Fu com'è noto a partire dal pontificato di Martino V Colonna (1417-1431), che i papi ristabilirono la propria residenza a Roma, innescando un processo che nel giro di alcuni decenni condusse a un decisivo rilancio della città quale centro della cristianità occidentale e rinnovato teatro della politica e della vita culturale europee. Queste trasformazioni, che investirono in profondità il tessuto urbano determinando il radicamento in città di nuovi attori e un complessivo riassetto degli equilibri sociali, posero tuttavia le premesse per un inevitabile scontro con le oligarchie municipali e con le istituzioni civili che avevano governato la città durante l'assenza della curia papale. Proprio la dialettica conflittuale tra vecchi e nuovi centri di potere, provocata dall'insediamento in città di cardinali, ufficiali di curia e altre figure influenti di forenses (stranieri), costituì un costante elemento di attrito tra i pontefici e la riottosa nobiltà romana, capace in determinati frangenti persino di accantonare gli annosi contenziosi che ne minavano l'unità, per contrapporsi agli interessi nepotistici di papi determinati dal canto loro a far valere le proprie prerogative di monarchi temporali, oltre che spirituali.

Quello della congiura o della rivolta non è tuttavia, l'unica chiave interpretativa del conflitto che vide protagonisti pontefici e poteri locali tra Trecento e Cinquecento. Se infatti, in momenti di particolare tensione interna o interstatuale, il ricorso alla forza fu considerata l'opzione migliore, ordinariamente il rapporto tra papato, istituzioni cittadine e nobiltà romana si giocò nel segno della negoziazione e del compromesso. Accanto ad azioni repressive i pontefici misero in campo infatti strategie più elaborate di contenimento dell'influenza dell'aristocrazia locale in ambito urbano e di progressiva appropriazione del controllo amministrativo ed economico della città. Tali strategie si dispiegarono attraverso un duplice processo di cooptazione di parte della nobiltà nelle gerarchie curiali e, parallelamente, di svuotamento o di "addomesticamento" degli uffici municipali più importanti ai fini della gestione economica, della pianificazione urbanistica e della committenza artistica, terreno privilegiato del mecenatismo pontificio (su questo punto si vedano, oltre ai citati saggi su Leone X, i contributi di Flavia Cantatore su Sisto IV committente di architettura a Roma e di Tobias Daniels sulle possibili connessioni tra alcuni particolari della Cappella Sistina e il coinvolgimento di papa Della Rovere nella congiura dei Pazzi del 1478 contro Giuliano e Lorenzo de' Medici).

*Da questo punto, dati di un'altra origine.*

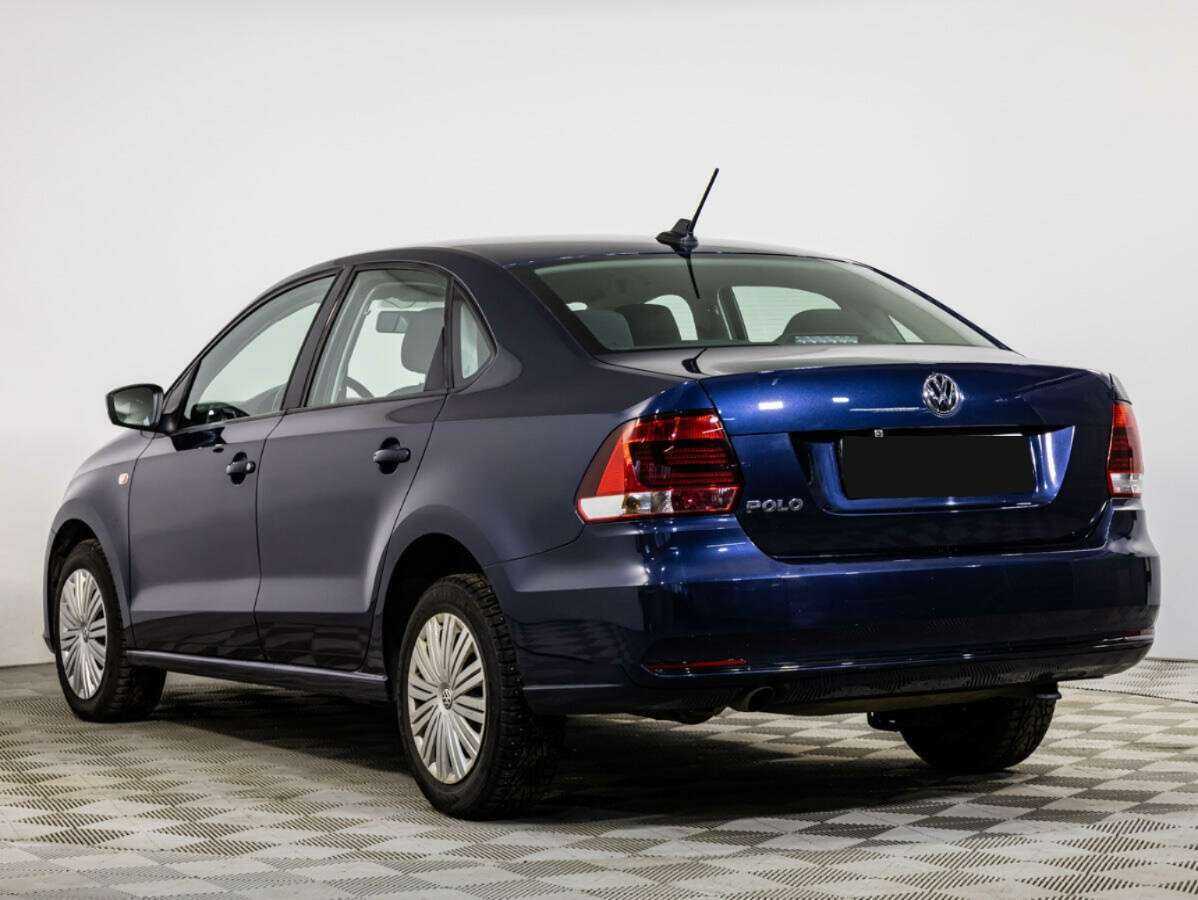 Б/У Фольксваген Поло 2017 года. Фото: #4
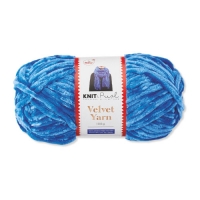 Aldi  Sapphire Velvet Yarn 4 Pack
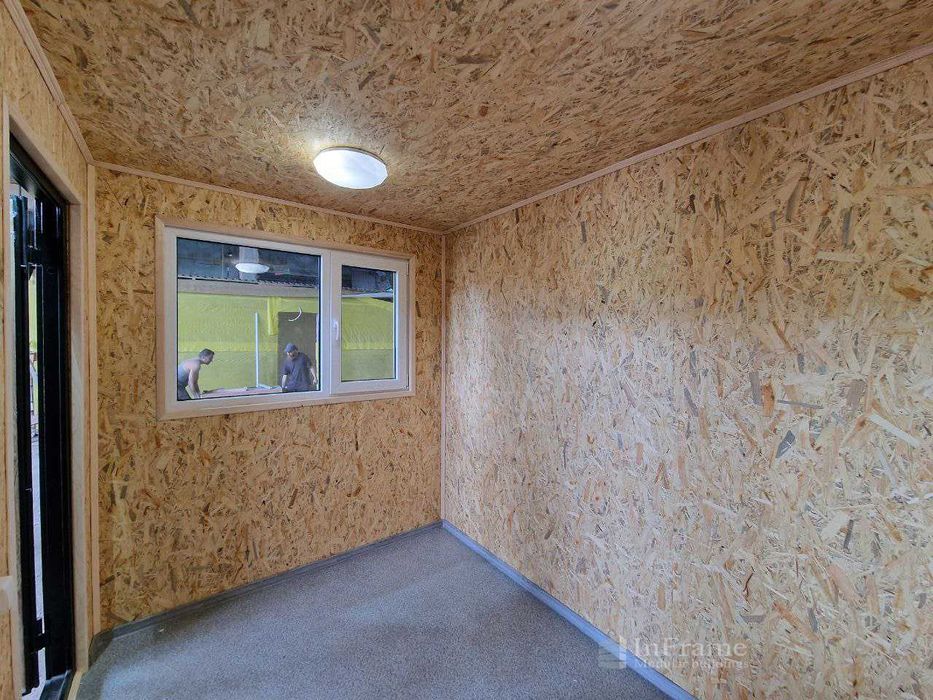 Строительный вагончик • Офисная бытовка • Гарантия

Particolarmente significativi, da questo punto di vista, appaiono i saggi di Andreas Rehberg sul ruolo dei Consigli romani nel primo Cinquecento, di Luciano Palermo sull'emarginazione della Camera Urbis in favore della Camera Apostolica e di Orietta Verdi sul controllo dello spazio edificabile e l'evoluzione conosciuta dall'ufficio dei magistri edificiorum tra XV e XVI secolo, definita "un significativo esempio del processo di erosione, tenacemente perseguito dall'autorità pontificia, di quanto era rimasto ancora intatto dell'autonomia delle istituzioni comunali" (363). Questi contributi, fondati su materiali d'archivio al pari e del breve saggio di Anna Esposito sulle autorizzazioni al porto d'armi all'interno di Roma, affrontano questioni molto concrete ma investite, allo stesso tempo, di un profondo significato simbolico: intorno a esse, infatti, si intrecciavano da un lato le ambizioni di autopromozione e di razionalizzazione urbanistica dei pontefici e, dall'altro lato, la caparbia difesa dell'onore, della visibilità cittadina e delle proprie tradizionali prerogative da parte della vecchia e nuova nobiltà romana.


Nota:

[1] Paolo Prodi: Il sovrano pontefice. Un corpo e due anime: la monarchia papale nella prima età moderna, Bologna 1982, 8.